▶ [PROBLEM]
The line containing "silhouette, balloons, sunrise, person, sky, colorful, sunset" marks the end: copy exactly every line from the start of the records below up to and including it, leaving out pictures.

Caption-style text data:
════════════════

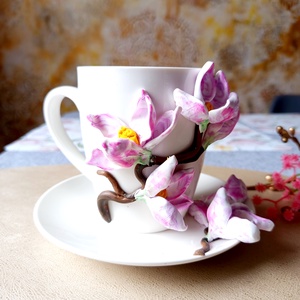 Magnólia Varázs csésze aljal - otthon & életmód - konyhafelszerelés, tálalás - tálalás - bögre & csésze - Meska.hu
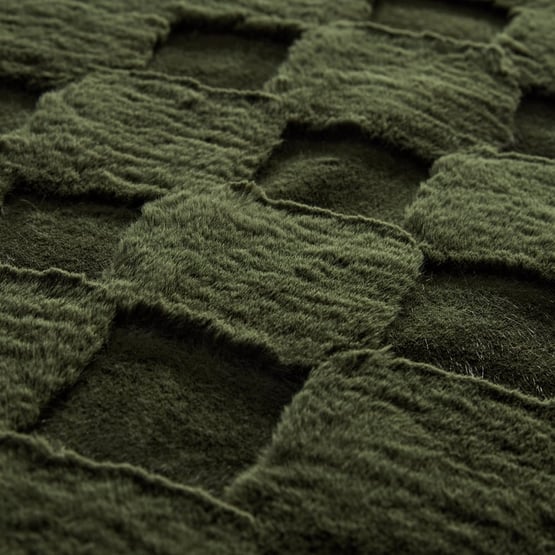 Clea Ivy Check Recycled Fur Blanket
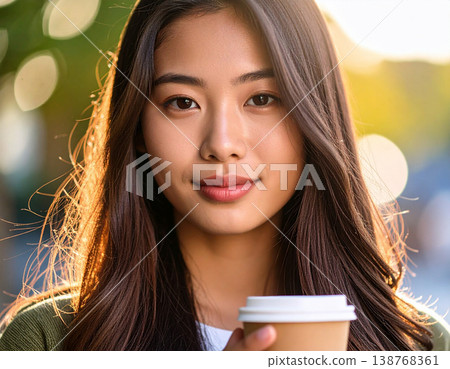 A young female employee smiling and holding a coffee at a cafe. 138768361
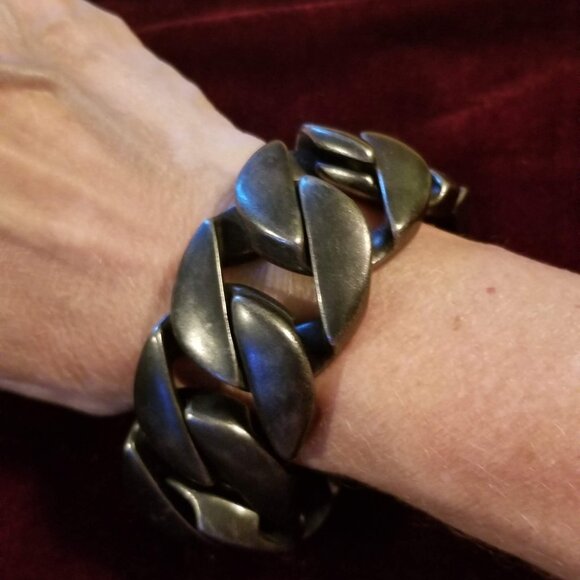 Heavy stainless steel Cuban link bracelet, small - Picture 1 of 9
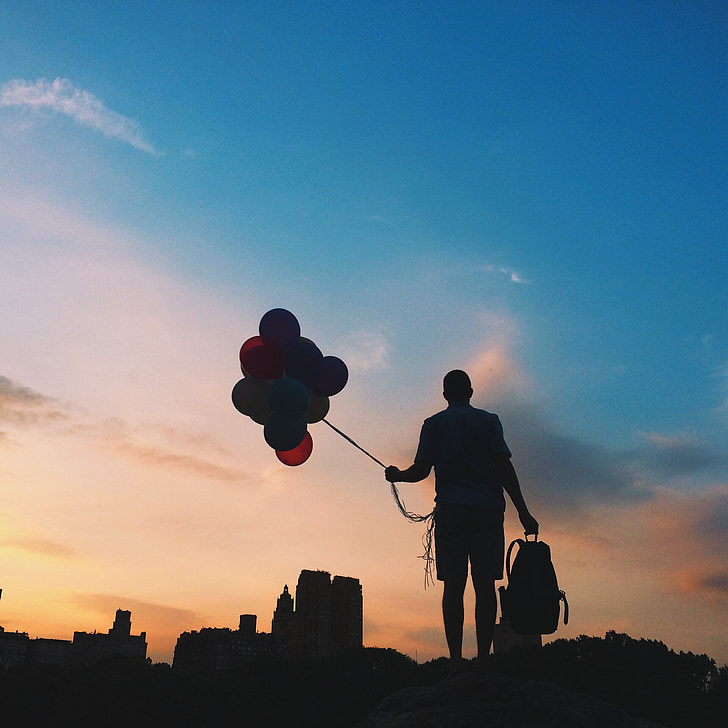silhouette, balloons, sunrise, person, sky, colorful, sunset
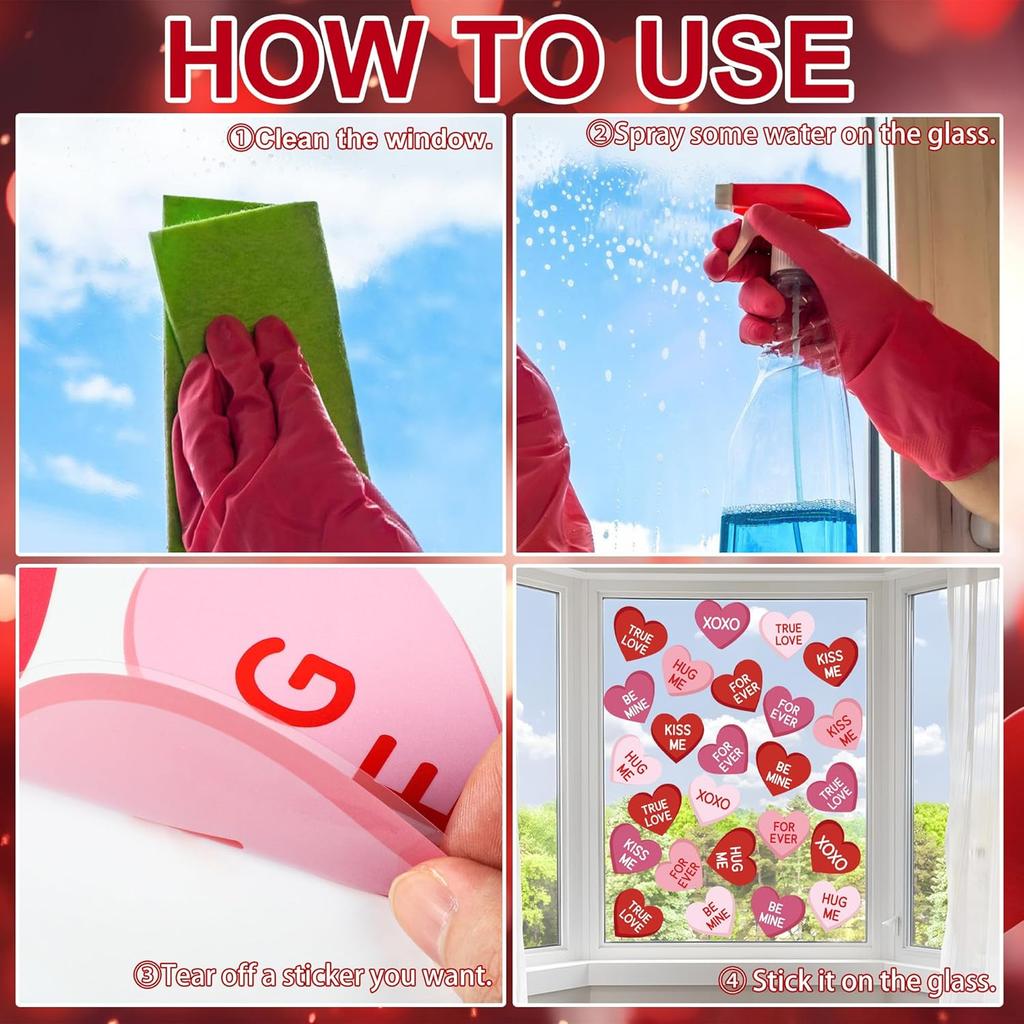 8 Sheets Valentines Day Heart Window Clings Red Pink Love Heart Window Stickers Double-Sided Conversation Hearts Windows Decals for Valentines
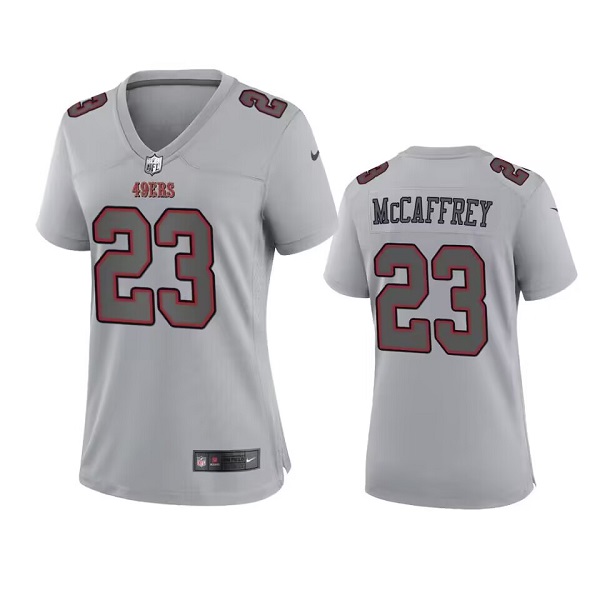Women's San Francisco 49ers #23 Christian McCaffrey Grey Atmosphere Fashion Stitched Game Jersey(Run Small)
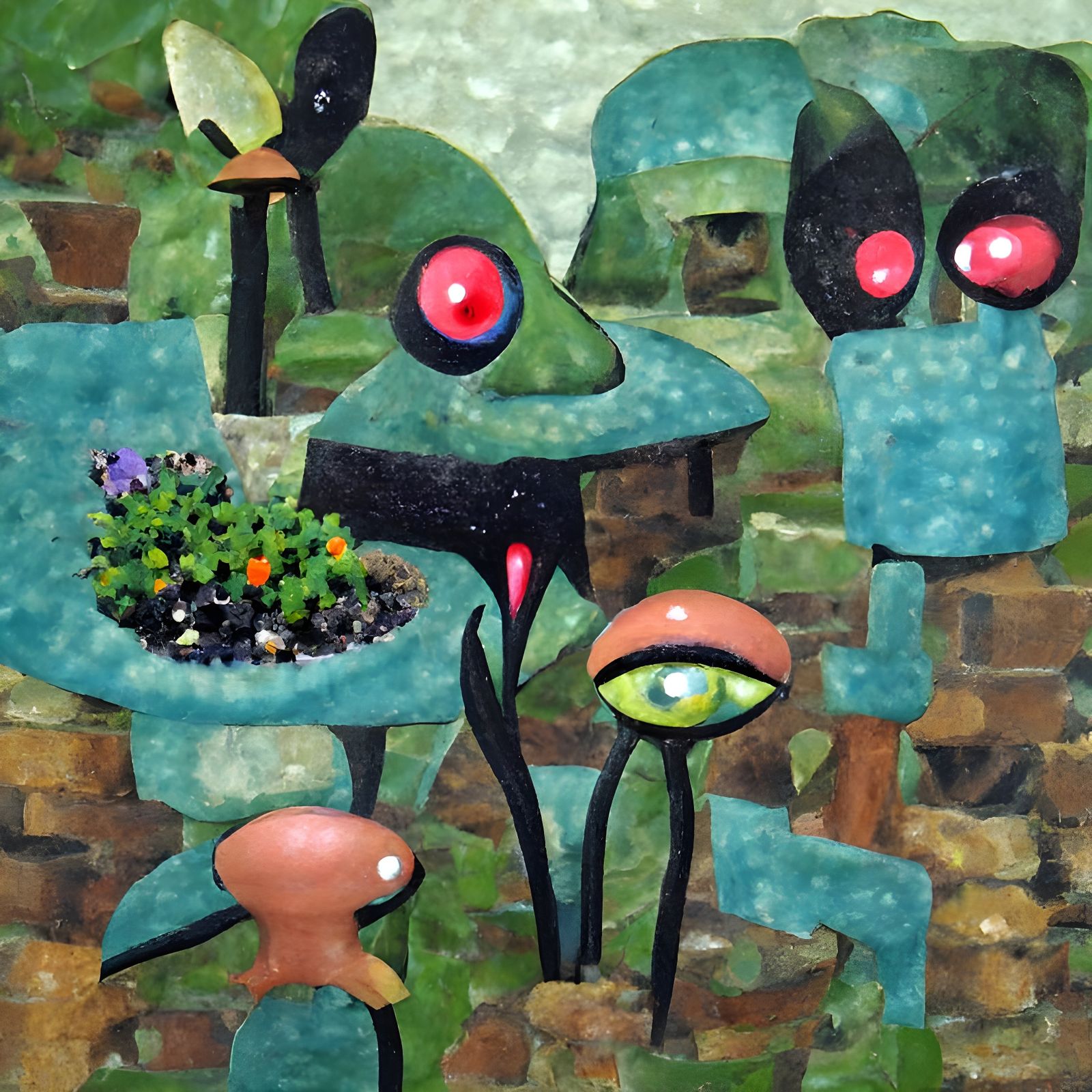 Alien Googly Eyeflowers in Surreal Pixel Art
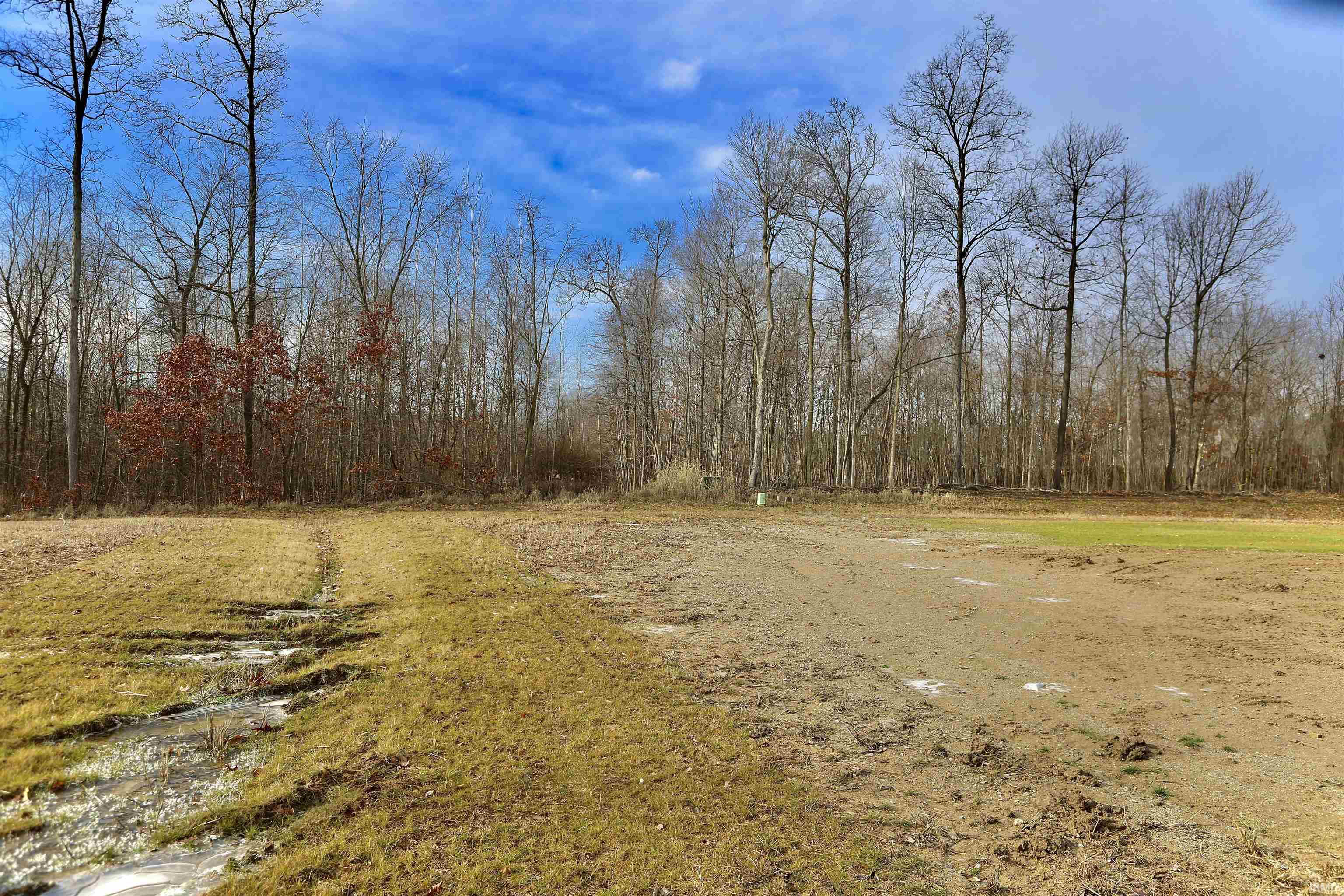 This image illustrates the view from the cul-de-sac's end, depicting the spacious section of the lot where a home can be constructed. The presence of a tree line adds a sense of privacy to property.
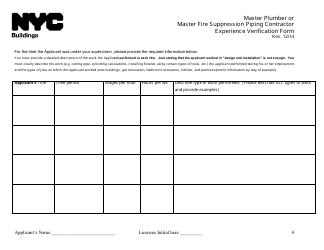Master Plumber or Master Fire Suppression Piping Contractor Experience Verification Form - New York City, Page 4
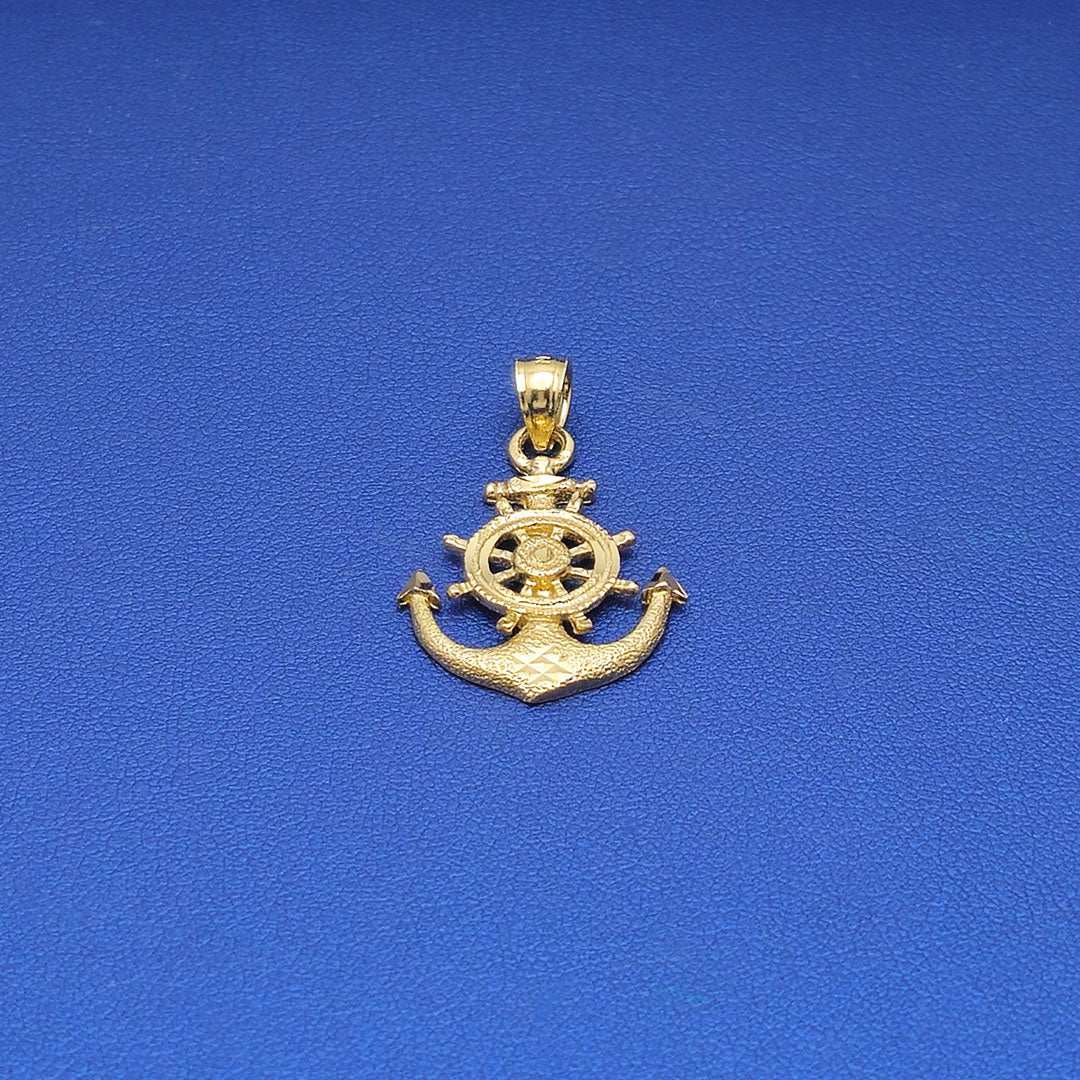 14k Anchor with Diamond Cut Pendant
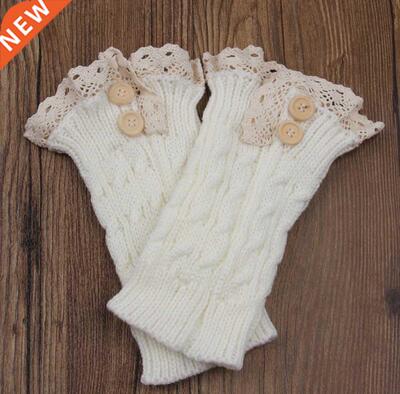 Fashion Double Button Cable Knitted Boot Cuff Short Leg Warm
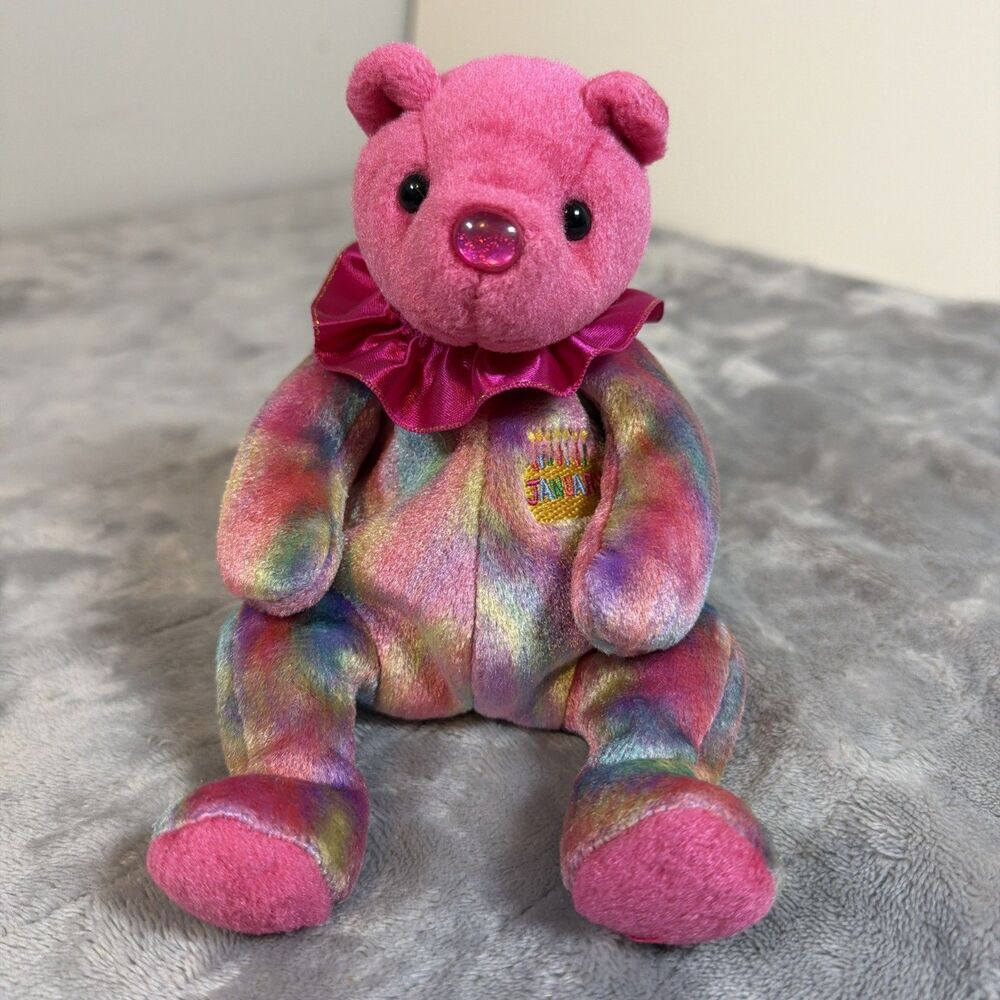 Ty Beanie Baby JANUARY Birthday Bear – 7.5" – No Ear Tags – 2001 Plush Rainbow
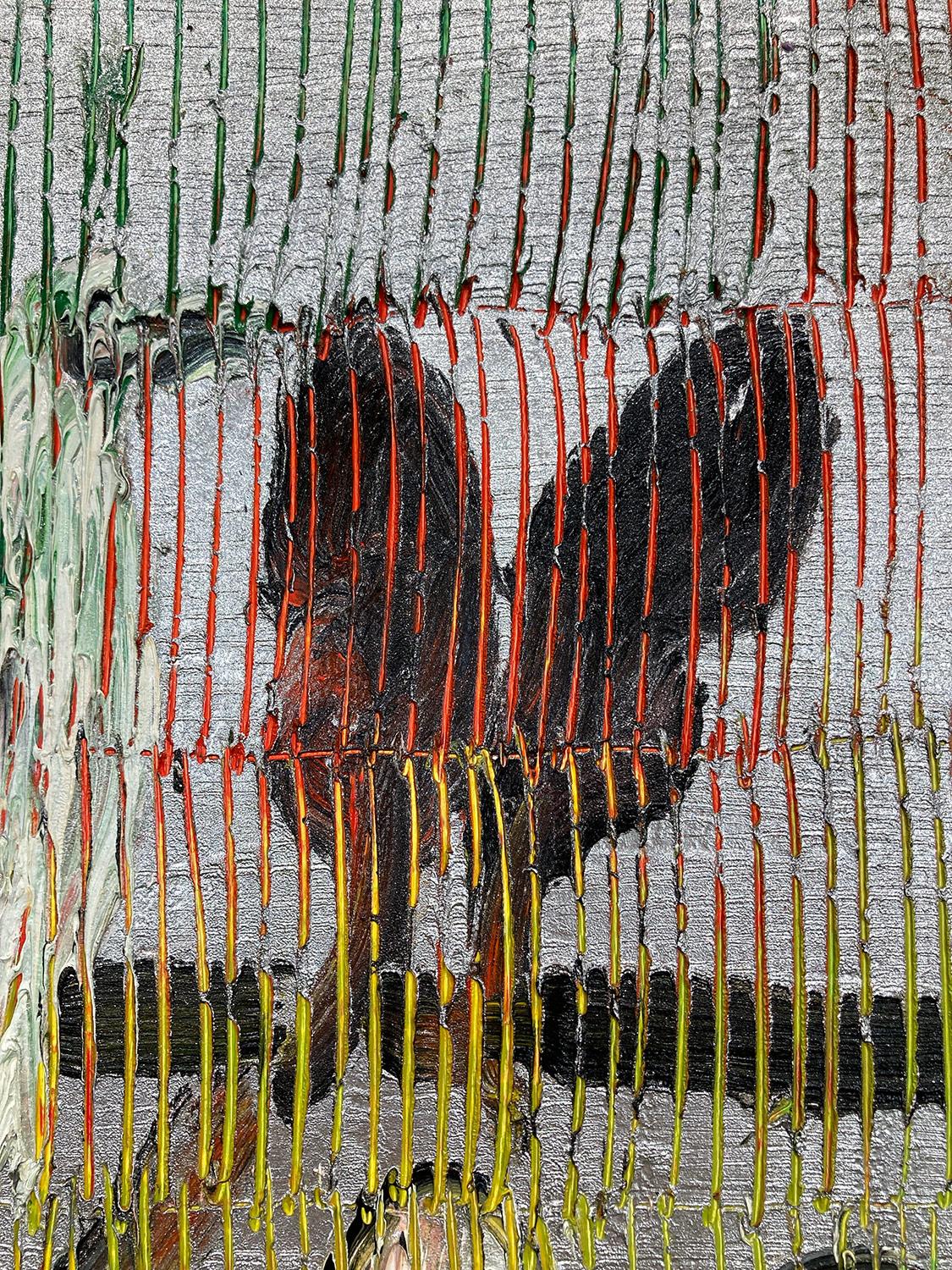 « Trois Notes » - Peinture à l'huile - Noirs lapins, Oiseaux et Papillons - Fond argenté 2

════════════════

▶ [TASK ANSWER]
 Magnólia Varázs csésze aljal - otthon & életmód - konyhafelszerelés, tálalás - tálalás - bögre & csésze - Meska.hu
 Clea Ivy Check Recycled Fur Blanket
 A young female employee smiling and holding a coffee at a cafe. 138768361
 Heavy stainless steel Cuban link bracelet, small - Picture 1 of 9
silhouette, balloons, sunrise, person, sky, colorful, sunset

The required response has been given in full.